A.I. Artificial Intelligence (Widescreen Special Edition)

A.I. Artificial Intelligence (Widescreen Special Edition)

Rating: FULL SKULL BABY! FULL SKULL BABY! FULL SKULL BABY! Half Skull, Meh. empty skull, sniff.
Release Date: 01 June, 2003

Retail Price: $12.99
OUR Price: $9.99
You SAVE: $3.00!

Cast: Complete Cast (12 total)


A.I. Artificial Intelligence (Widescreen Special Edition) Reviews


Didn't trust its own intelligence FULL SKULL BABY! FULL SKULL BABY! empty skull, sniff. empty skull, sniff. empty skull, sniff.
It is possible to pinpoint the precise moment that AI loses its mind. Like its main character--a robot boy abandoned in the woods--this film with great promise is left to wander aimlessly.
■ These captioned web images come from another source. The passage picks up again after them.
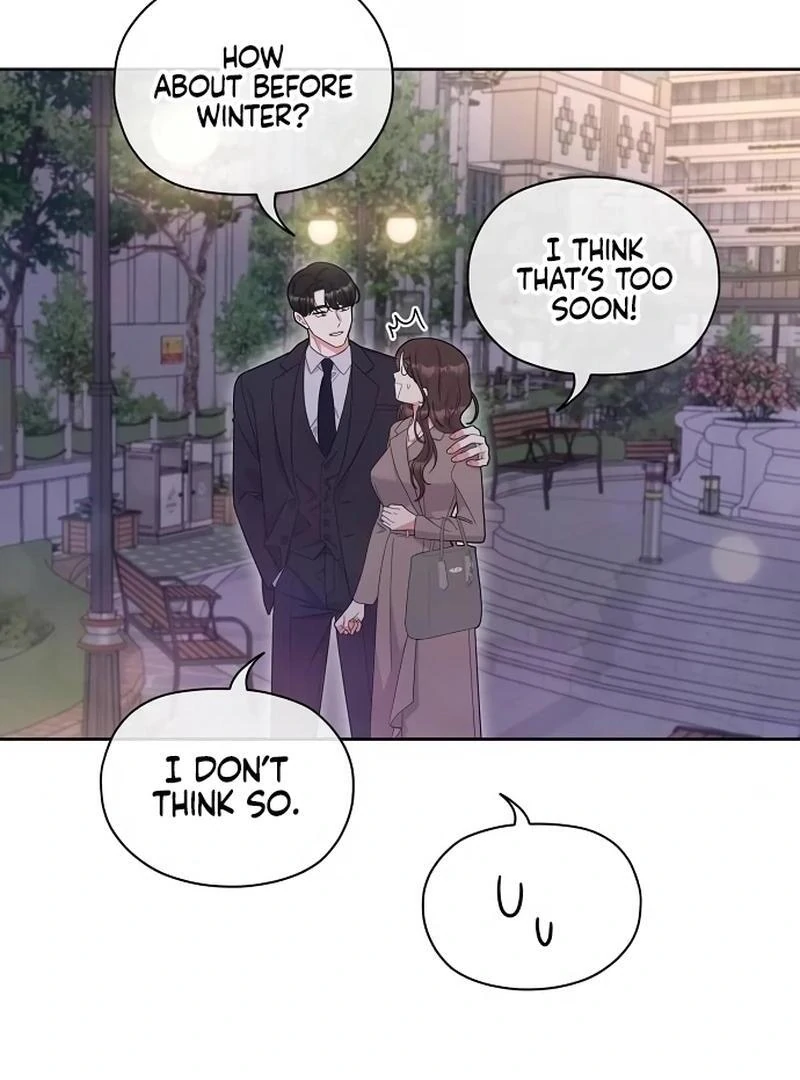 Oppa, That Must Be A Mistake! Chapter 51 - Page 48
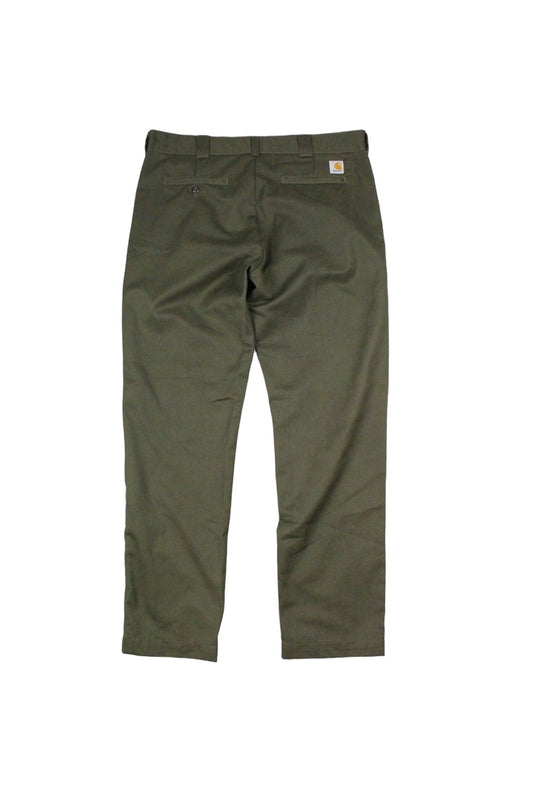 Carhartt WIP Green Wather Pant (W30" X L34")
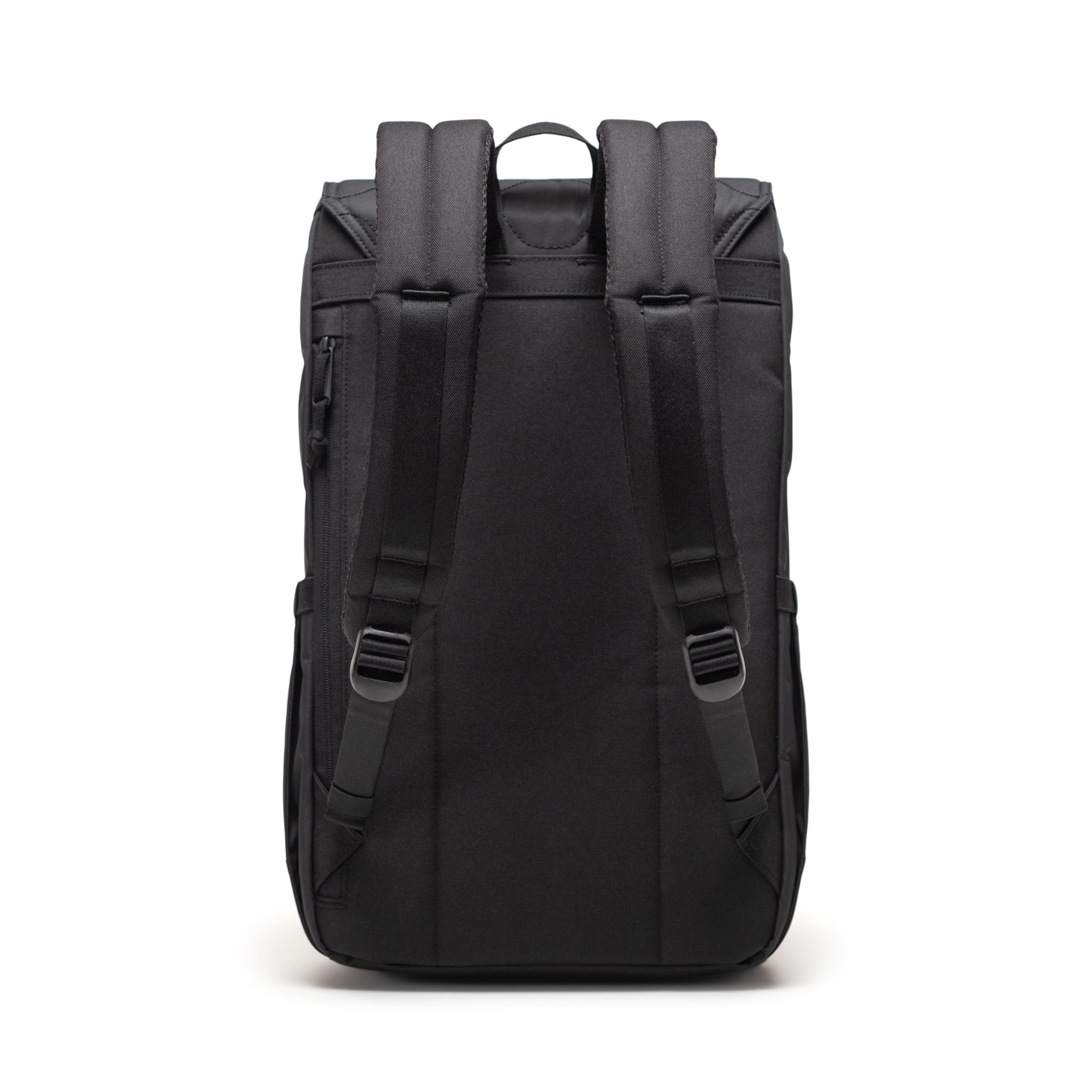 Sac à dos 'Retreat' Herschel en noir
AI starts off as a compelling tale of a grief-stricken family whose young son is in an apparently irreversible coma. While medical science seems incapable of helping him, robotic science comes to the rescue. Hoping to pull his wife Monica out of her grief, husband Henry brings home one of his company's creations - a "mecha" or robotic boy (the ever-wonderful Haley Joel Osment) built to love its owner. But a robot is not a boy, and soon things get out of control as the mecha expresses emotions like clinginess and jealousy.

This whole first hour of the movie is gripping and real. It's less of a question of "Can a robot express love" than of "Can human beings love a machine, knowing that it is just a machine?" The dramatic possibilities were endless. How *real* do the parents want their new son to be? Will they love him? Treat him as a pet? Include him in family pictures? Or just stand him in the corner when it's convenient?
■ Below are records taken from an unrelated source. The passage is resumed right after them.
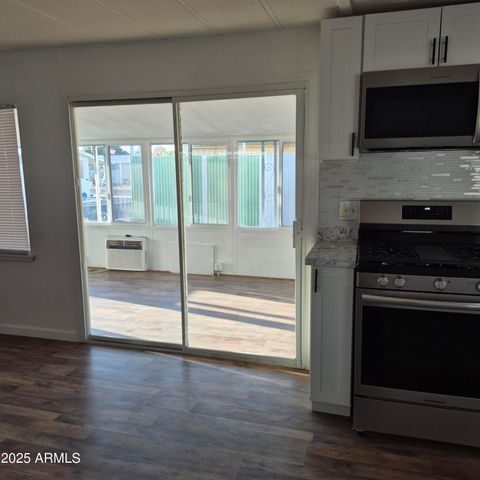 7300 N 51ST Avenue F177, Glendale, AZ 85301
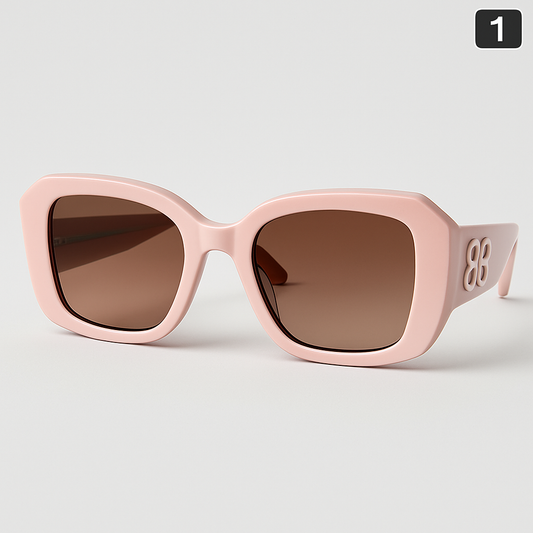 Luxury Sunglasses - X00054 - Image 1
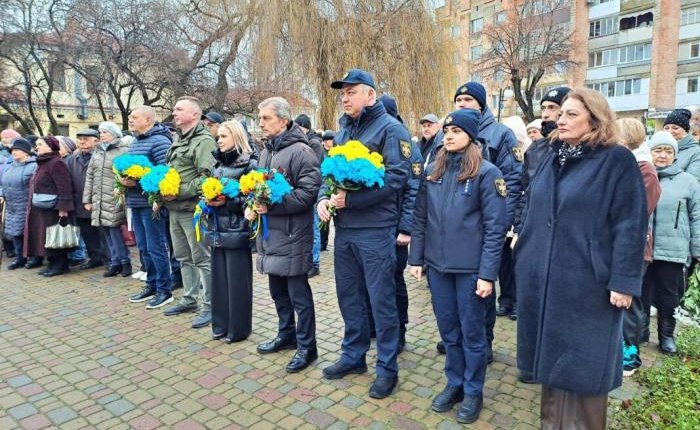 День вшанування ліквідаторів Чорнобильської трагедії: пам’ять і вдячність тим, хто врятував світ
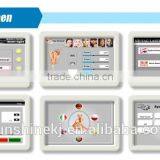 2 In 1 Q-Switch Yag Laser And Laser 1 HZ Type 808 Diode Laser Hair Removal Machine 800mj thumbnail-6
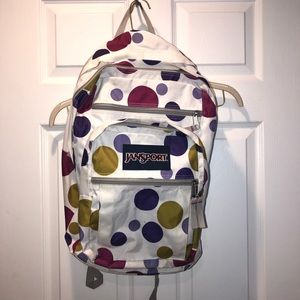 Jansport Backpack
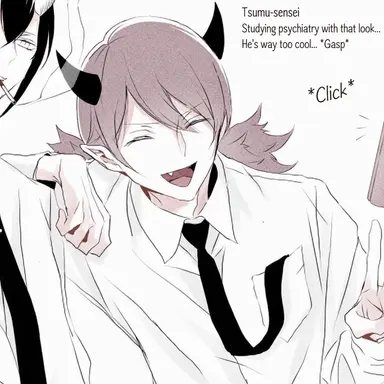 Profile image of Tsumuru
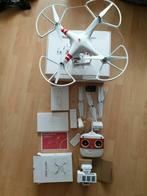 DJI  Phantom 2 vision+ Drone, Drone met camera, Ophalen of Verzenden, Zo goed als nieuw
But let us recall that there is another semi-human influence at work: Steven Spielberg.

As soon as the movie gets almost unbearably interesting, it pops its clutch. Suddenly parallels to the Pinocchio story abound and the film becomes a monstrosity in its own right. There are sex-mechas and helicopter chases and a garish amusement park and frozen oceans and advanced robots from the future--an entire top drawer of colorful, useless junk and half-witted ideas strewn across the screen. The entire premise of human-robot interaction is completely dropped in favor of high-tech lachrymosity. It's as if someone spliced an hour of a magnificent Merchant-Ivory drama with the back end of Mad Max movie and overlaid all with a maudlin soundtrack.

If you love visuals, this movie has them in spades. Robot faces split apart and come together; mechas attracted to a pile of junk replace their own worn parts; a "super-toy" bear walks around quite realistically; coastal cities are inundated or buried in ice. But if you're looking for a film that takes ideas seriously, you've come to the wrong place.

--------------------Dreadful and Depressing-------------------- FULL SKULL BABY! empty skull, sniff. empty skull, sniff. empty skull, sniff. empty skull, sniff.
This film was a disappointment to me!

A I. Artificial Intelligence is the story of a robot boy named David who loves his human mother so much that he wants to be turned into a human boy like Pinocchio. Both Haley Joel Osment (David) and Jude Law (Gigolo Joe) gave excellent performances. It's not their fault that the story was not worth the work that they put into their roles. The other character that I should mention was "Teddy" a robot bear who seemed smarter and more compassionate than the humans in the story. I thought that the so called "humans" were a miserable group who had lost their humanity.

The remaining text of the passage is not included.